The Protestant Episcopal Church in the United States consists "of thirty-four confederated dioceses, under the care of bishops, using the same liturgy, and yielding obedience" to the same canon law. [Footnote 48] The organic principle by which this confederation was originated and has been maintained is a written constitution. [Footnote 49] Its organic life is manifested through a general convention, in which the supreme legislative and judicial authority of the whole church resides.

[Footnote 48: Church Almanac for 1867, p. 17.]

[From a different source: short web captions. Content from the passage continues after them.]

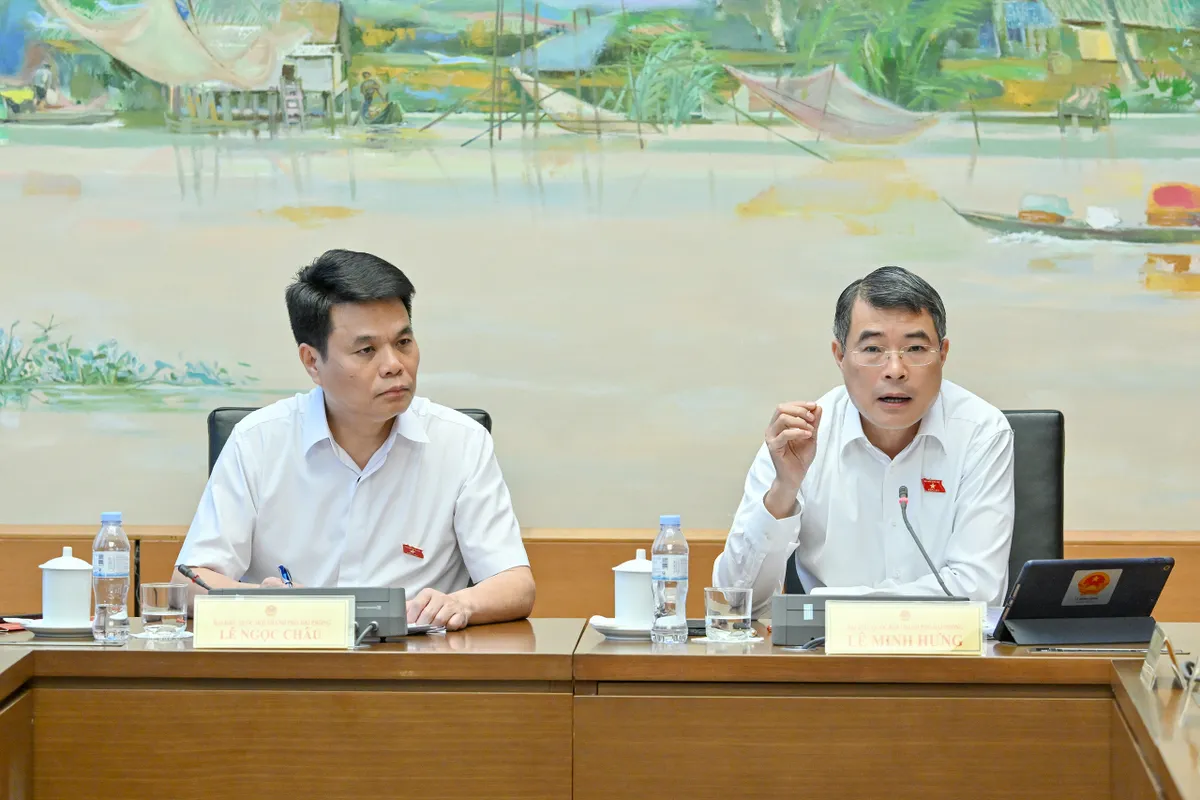 Thủ tướng: Hết hạn sử dụng chung cư kh&ocirc;ng c&oacute; nghĩa người d&acirc;n mất quyền t&agrave;i sản - Ảnh 2.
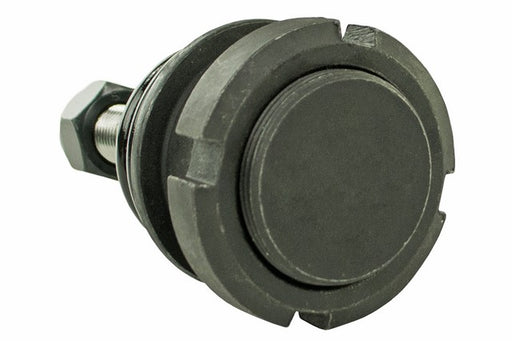 Suspension Ball Joint Mevotech GS10502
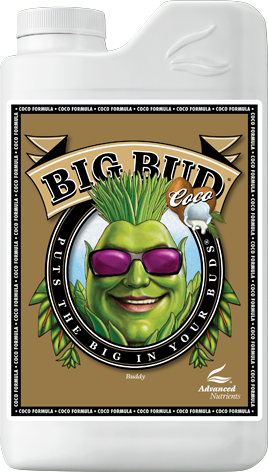 https://www.advancednutrients.com/wp-content/uploads/2022/07/Advanced-Nutrients-Big-Bud-Coco-1L-1.png
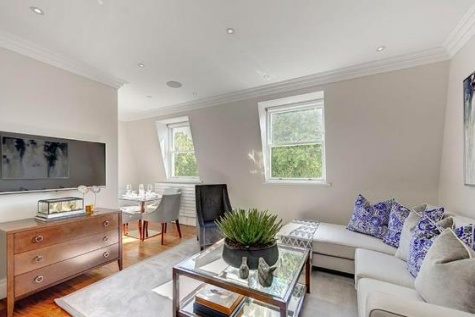 Screenshot 2024-10-15 at 10.02.45.png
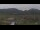 Webcam in Reit im Winkl, 2.1 mi away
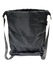 Load image into Gallery viewer, Athlete's EDC Drawstring Backpack
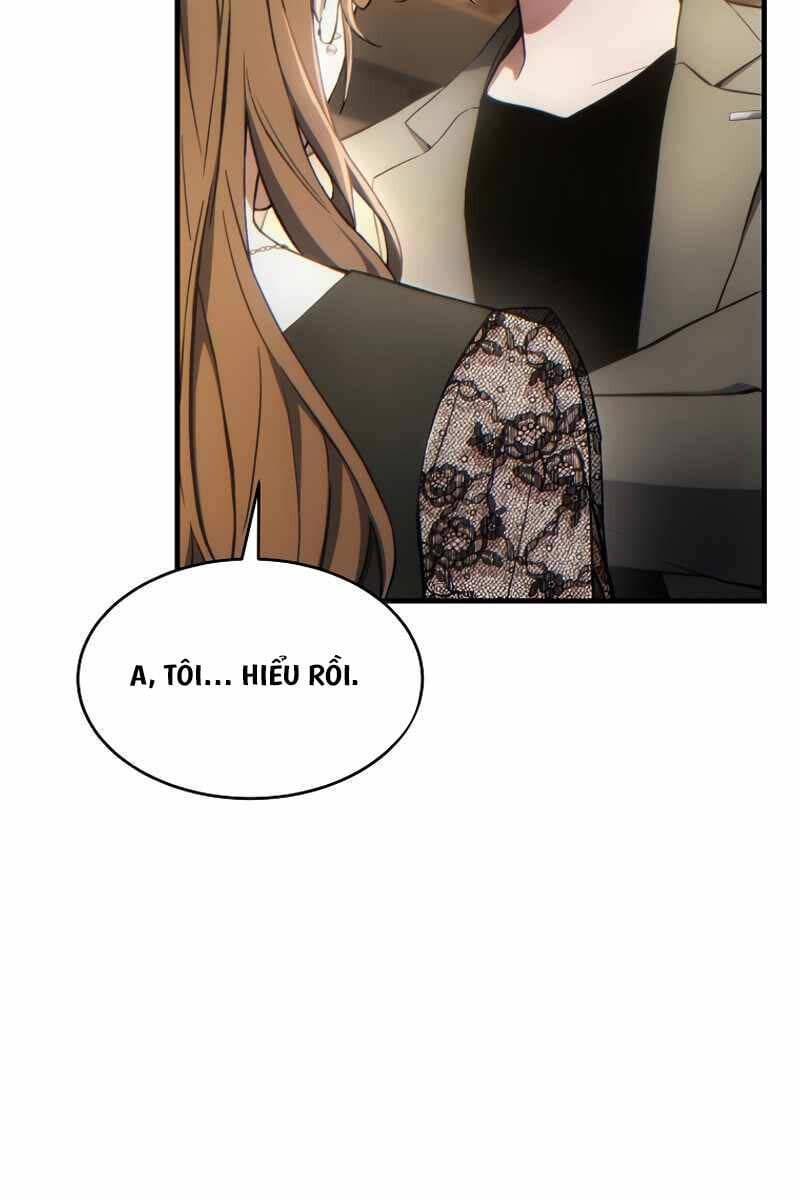 Truyện Tranh Người Chơi Mạnh Nhất Hồi Quy Lần Thứ 100 trang 9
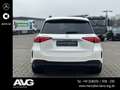 Mercedes-Benz GLE 53 AMG AMG GLE 53 4M Pano Burm HUD 21" Distr Night 360° Weiß - thumbnail 5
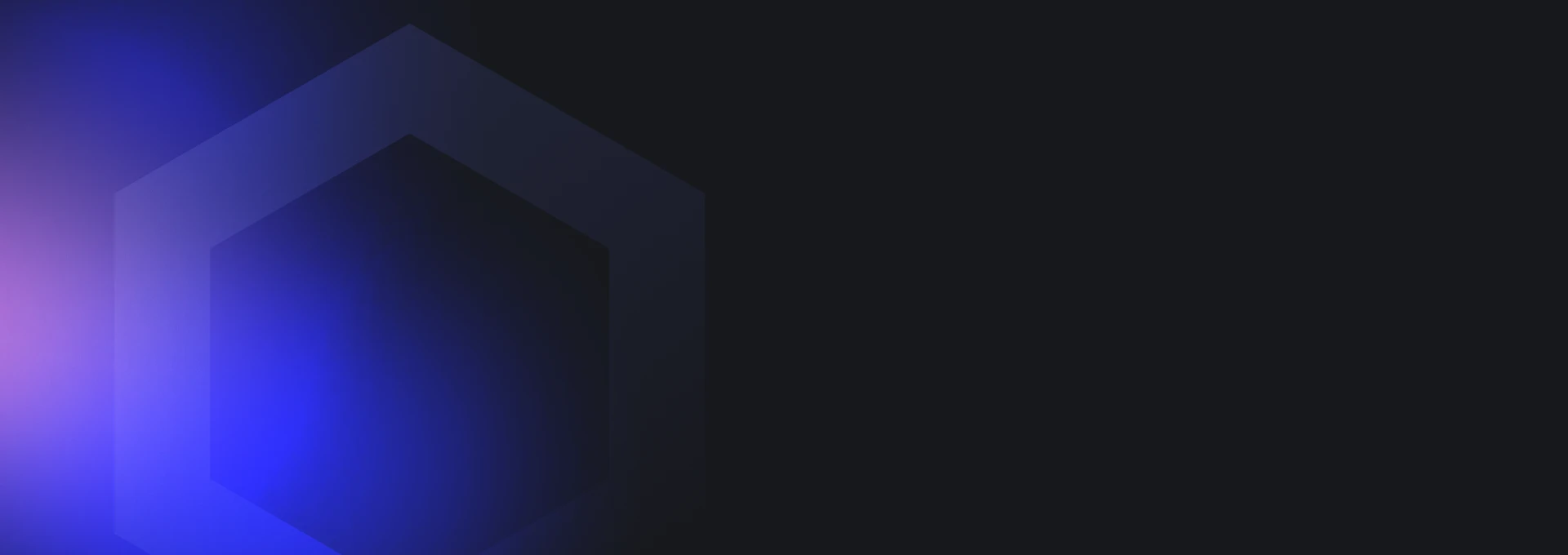 Imagen de fondo con el logotipo de Moments.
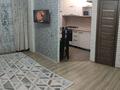 1-комнатная квартира, 40 м², 4/5 этаж помесячно, Ш. Уалиханова — Облгаи за 130 000 〒 в Кокшетау — фото 4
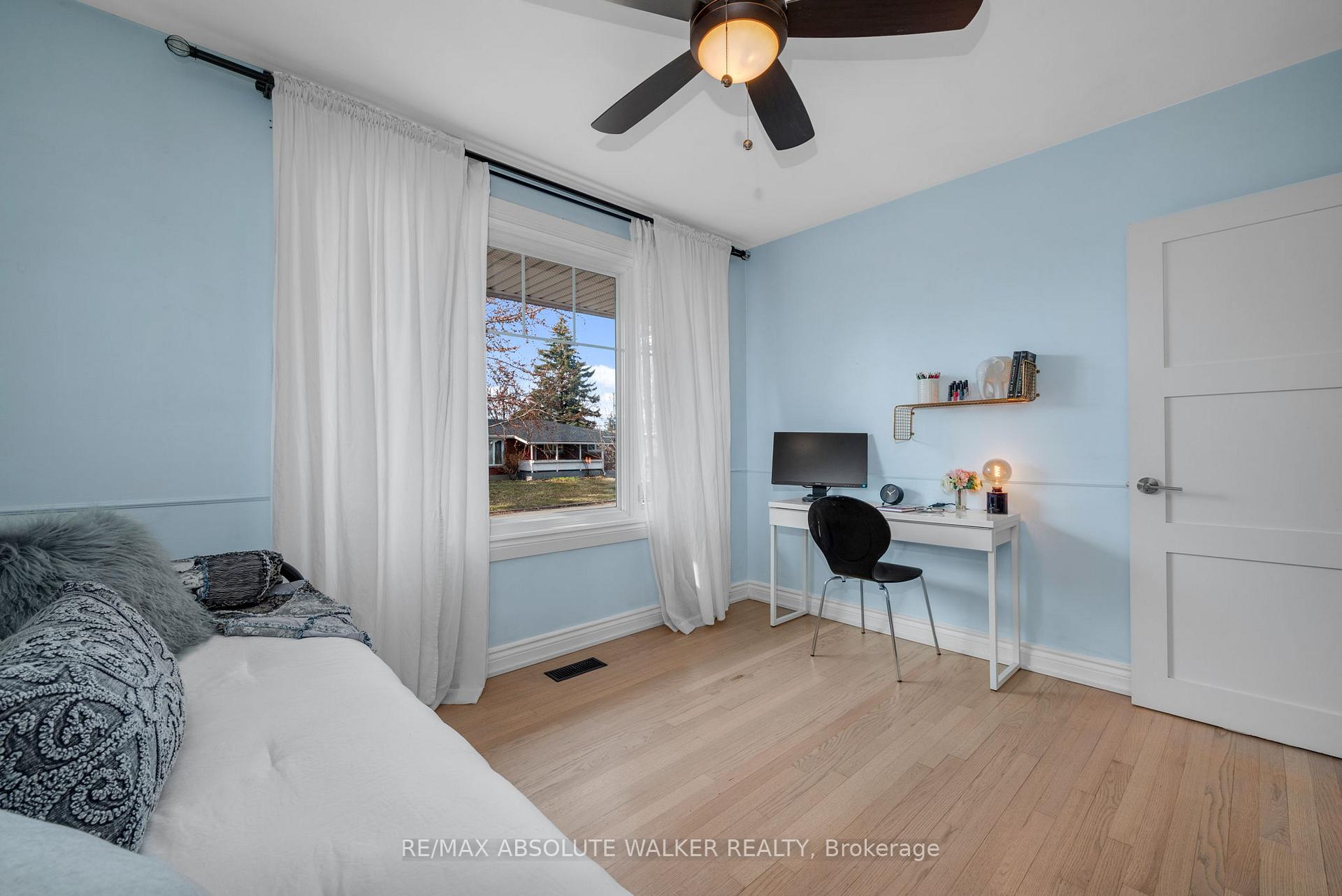 Photo 19 of 1194 Placid Street, Ottawa, Queensway Terrace South/Ridgeview — HOMEH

[Footnote 49: Law writers define a "constitution" as either a "limitation" or a "grant" of power. Did the general convention of 1789, in adopting the constitution of the Episcopal Church, thereby grant to the church of Christ, or to any part thereof, powers of which it was previously destitute, or limit powers which Christ himself conferred upon it? Or, on the contrary, is not the idea of a "constitution" essentially repugnant to the idea of the Christian church?]

Each of these several dioceses consists of various parishes, united under one bishop, and yielding obedience to the same local law. The organic principle of the diocese is a written constitution; and its organic life is manifested in a diocesan convention, in which the supreme legislative and judicial authority of the diocese resides.

Each of the several parishes which compose a diocese consists of a greater or less number of lay-people, united under one pastor and occupying certain fixed and well-known territorial limits. Its organic principle is usually a written constitution; and its organic life is manifested through a body of vestrymen, to whom the management of its parochial affairs is entrusted.

With the exception that the church possesses no chief executive, corresponding to the President of the United States, her organic system is almost identical with the political order of the government under which she lives.

The general convention of the church is composed of two houses, a house of bishops and a house of clerical and lay deputies. The house of bishops consists of all the bishops of the various dioceses, as members ex officio. The house of deputies consists of four delegates—two clerical and two lay—from each diocese, appointed in diocesan convention. A concurrence of both orders in the lower house, and of both houses, is necessary to a vote of the convention. [Footnote 50]

[Footnote 50: See Constitution, appendix to Journal of 1865, arts. 2 and 3.]

The convention of each diocese is composed of the clergy, canonically resident within its limits, and of a certain number of lay-deputies, appointed by the various congregations of which the diocese consists.